Para petani kemudian mebuat semacam orang-orangan sawah untuk mengusir yaki tanpa menyakiti.
Kini, Wolay digaungkan untuk melindungi populasi yaki yang terancam punah lantaran kerap diburu untuk dijadikan bahan makanan.
“Sebenarnya ada banyak tradisi atau budaya lain di Indonesia Timur yang ingin saya masukkan dalam ikon ini, tapi karena literasi tentang budaya itu masih sangat minim jadi perlu riset sendiri,” kata Edo, sapaan akrab Eduard Chris Yonata ketika dihubungi melalui telepon dari Semarang, Senin.

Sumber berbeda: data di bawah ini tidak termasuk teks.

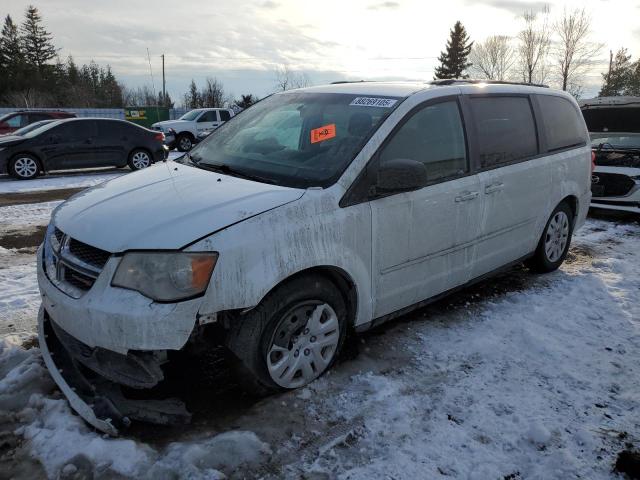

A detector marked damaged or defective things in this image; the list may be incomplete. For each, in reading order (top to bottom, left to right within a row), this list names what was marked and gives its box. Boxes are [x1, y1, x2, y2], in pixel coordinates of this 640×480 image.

damaged front bumper [37, 306, 191, 436]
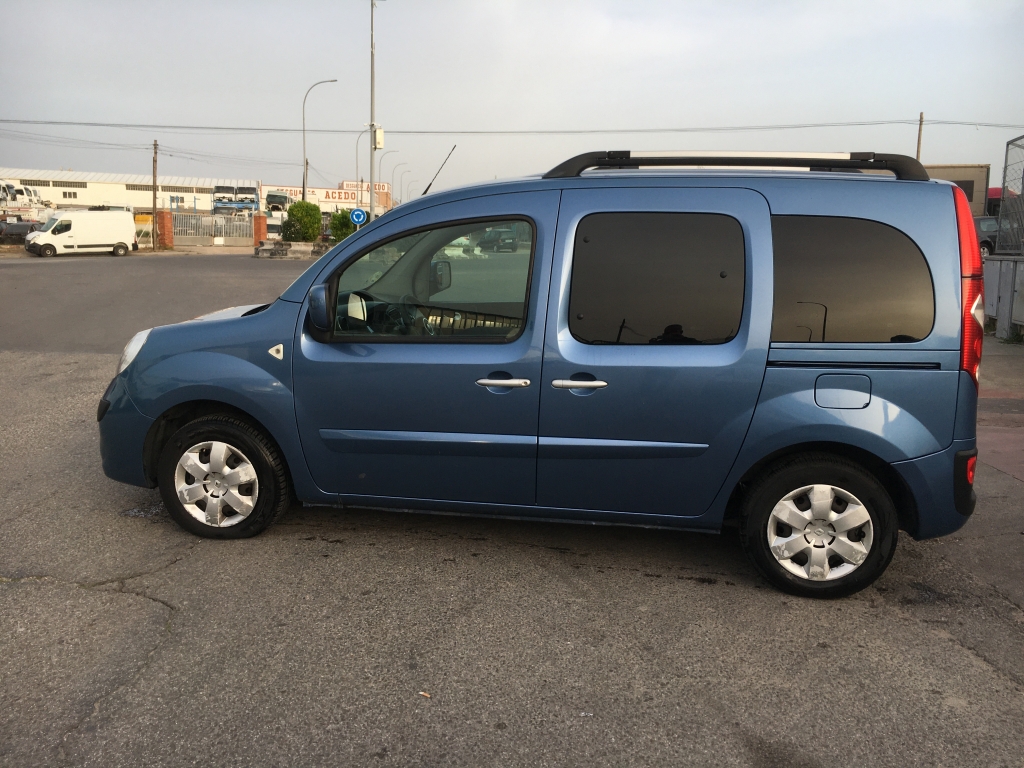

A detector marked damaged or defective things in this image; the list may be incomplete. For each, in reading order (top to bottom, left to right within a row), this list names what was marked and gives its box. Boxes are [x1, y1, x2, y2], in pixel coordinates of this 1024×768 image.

cracked asphalt [2, 252, 1024, 765]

Secara umum, delapan ikon yang dijadikan maskot Tour de Borobudur XXIII ini sudah menggambarkan tema Unity in Diversity.
Di setiap ikon, Edo juga menyelipkan sosok Gubernur Jawa Tengah Ganjar Pranowo yang digambarkan ramah dan mudah berinteraksi dengan masyarakat.
Bahkan di ikon Ondel-ondel, Ganjar menjadi boneka khas Betawi tersebut.“Ini menggambarkan jika Pak Ganjar sangat dekat dengan masyarakat dan peduli dengan budaya,” ujarnya.
Diorama 3 Dimensi
Tak sekadar gambar, maskot Tour de Borobudur XXIII diwujudkan dalam bentuk diorama tiga dimensi.
Delapan ikon tersebut direalisasikan dengan bahan dasar epoxy clay karena sifatnya yang kokoh ketika benar-benar kering.
Saat membangun diorama dari epoxy clay yang terbilang rumit, dirinya harus melibatkan lima orang untuk membuatnya.
Kelima seniman clay asal Surabaya itu adalah Petra Dewi Handayani, sedangkan yang lainnya adalah siswa SMP Kristen Tritunggal Semarang. Joany Lidya Putri Samosir, Maisa Devina Nugroho, Fellicia Chelsea Ardian, dan Gracelyn Christy Prayitno.
Meski digarap enam orang, itu pun memakan waktu dua bulan hingga proyek diorama maskot Tour de Borobudur XXIII dinyatakan selesai.
Maskot yang dibuatnya terbilang sangat detil berukuran sekira 8-9 centimeter, ikon ini juga disiram warna-warni yang sangat teliti.
Pewarnaannya pun butuh tiga tahap agar terlihat realistis.
“Memang perjuangannya ekstra. Sebenarnya ada bahan lain yang lebih mudah dibentuk. Tapi nanti tidak awet. Jadi agak rumit sedikit tidak apa-apa karena nantinya ini akan jadi piala bagi para pemenang Tour de Borobudur di setiap kategori,” katanya.
Lebih lanjut, dirinya berharap peserta, masyarakat, bahkan pemerintah bisa mengartikan pesan yang ada di dalam maskot Tour de Borobudur XXIII.
“Salah satunya, saya berharap pemerintah sadar, ada ikon budaya di wilayah Indonesia Timur yang sangat bagus, tapi jarang diekspos, apalagi dikembangkan menjadi atraksi seni. Semoga ini benar-benar bisa mewujudkan unity in diversity di Indonesia,” ujarnya.